Social media censorship has become a key issue at a time when 62 percent of American adults get their news from platforms such as Facebook and Twitter.
The long-standing argument at tech giants such as these has been that these platforms are purely just that, platforms, and that they are not responsible for the nature of content that they distribute.
In recent years, though, whether due to political scandals, election rigging, or the distribution of violent and horrific content — such as the Christchurch shooting — platforms, buoyed on by political pressures, are taking a more active role in policing what is shared. Facebook currently employs about 15,000 content moderators who spend all day deciding what can and can’t be on Facebook.
Initially, moderators, as well as algorithms, were deployed to flag content that was violent or considered outright abhorrent by most standards of human decency. In fact, some of the content witnessed by moderators has been so devastating that they’ve developed PTSD, prompting Facebook to agree to pay an in principle sum of US$52 million in damages.
Removing shootings and porn is one thing. Extending these powers to discriminately censoring political content, and influencing hearts and minds in the process, is another.
Twitter bans the New York Post
Last week, Twitter banned users from sharing a New York Post article which alleged to incriminate Hunter and Joe Biden for their dealings with Ukrainian energy company, Burisma Holdings. Twitter’s official position was that the article was blocked because it included personally identifiable information and violated its policy on unauthorised materials.
In a world where big tech leans blue and has the ability to control what does and does not get distributed or amplified by its platform, this move amounted to an attack on the democratic and political process. Just weeks ahead of the election, putting a lid on content that might paint the Democratic nominee in an unfavourable light is a case of clear election tampering.
And it turns out that this is nothing new, but a case of history repeating.
During the 19th Century, public libraries assumed the role of benevolent guardians of literature, and effectively censored books such as Mark Twain’s Adventures of Huckleberry Finn!
The modern-day post office traces its lineage back to France in 1464. It subsequently became used as a censorship instrument, particularly during times of war. The British Empire censored mail during the first half of the 20th Century, ultimately to influence public opinion, and gain or maintain political support for its decisions.
During the 1930s, the Hitler Youth torched thousands of books — some 20,000 volumes of books written by Jewish authors, communists or humanists. Heinrich Heine, the German author, warned that burning books would end in burning humans, and tragically, he was right.

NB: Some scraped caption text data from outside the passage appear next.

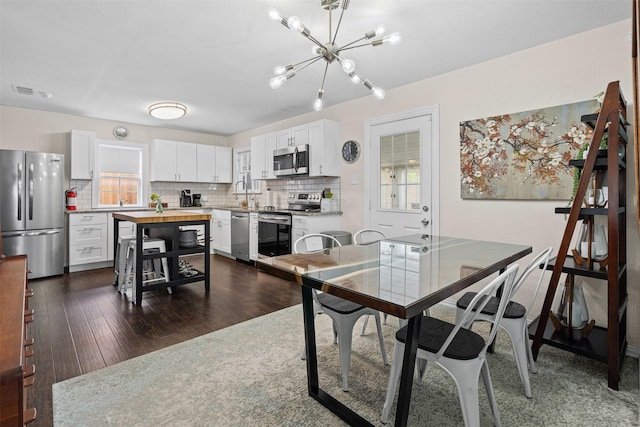 4204 Geddes Ave, Fort Worth, TX 76107 - dining room featuring a chandelier, dark wood finished floors, and healthy amount of natural light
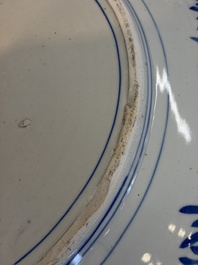 A massive Japanese blue and white 'Dragon among Sea Waves' dish, probably Arita, Meiji, 19th C.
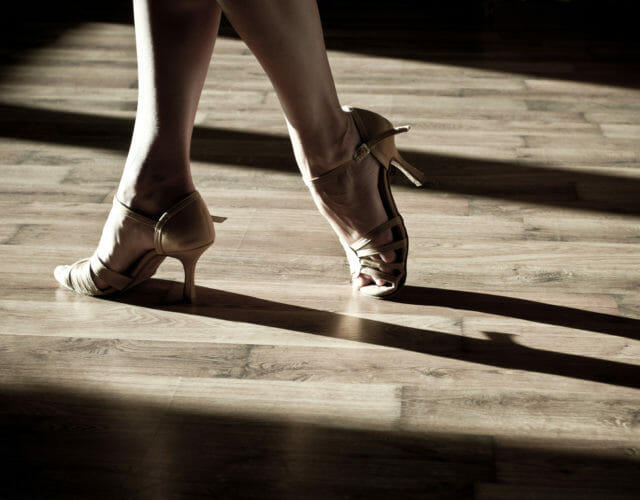 Female feet on the dance floor with ballrom shoes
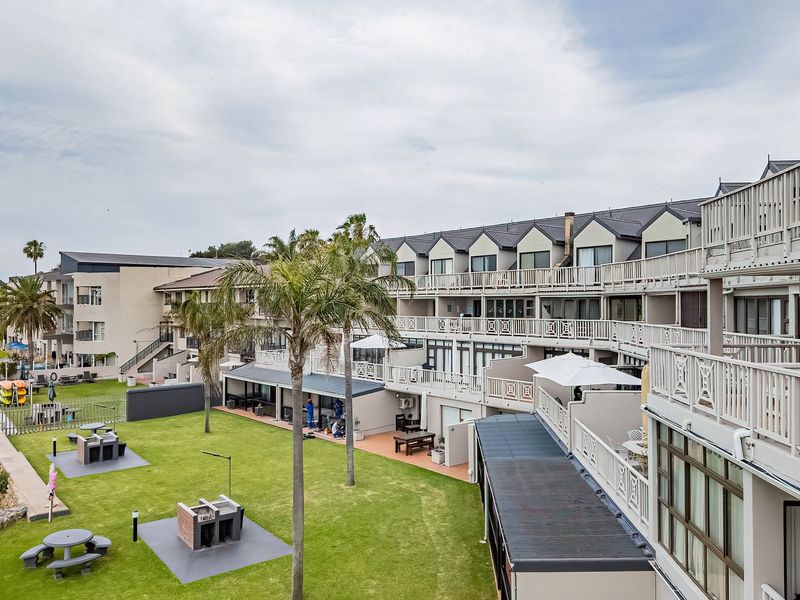 Elevated view of the apartment complex rear facade, featuring tiered balconies, communal lawn area with built-in braai facilities, and direct water frontage.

And today, books are again being burned — only its manifest as the shadow-banning, prevention and deletion of posts on tech platforms. The mail is again being censored.
And while Twitter claims that the New York Post article was blocked because its contents were obtained through unauthorized means, it had no qualms publishing amplifying posts about Trump’s old tax returns, which were also obtained without authorization, which is but one of countless examples of the same.
Facebook too suppressed the article, and its position was that it needed to have its team “fact check” the story before distributing it. Really? In a world where 4.4 million blog posts are published each day, do we really expect that this policy is carried out consistently or effectively?
And as we’ve seen in the past, censoring can have devastating consequences on public opinion, discourse and social cohesion.
Power and Responsibility
With great power comes great responsibility, and once platforms start to apply a specific rule, they need to do it consistently, or alter it when it is evident that the rule is not for the greater good.
Anything short of this is favouritism and undue influencing of political and/or other outcomes.
On a positive note, Twitter reversed its decision because the once private information was now widely available on the internet. But that doesn’t change the fact that they chose to suppress it in the first place for reasons that it appears not to extend to left-leaning news.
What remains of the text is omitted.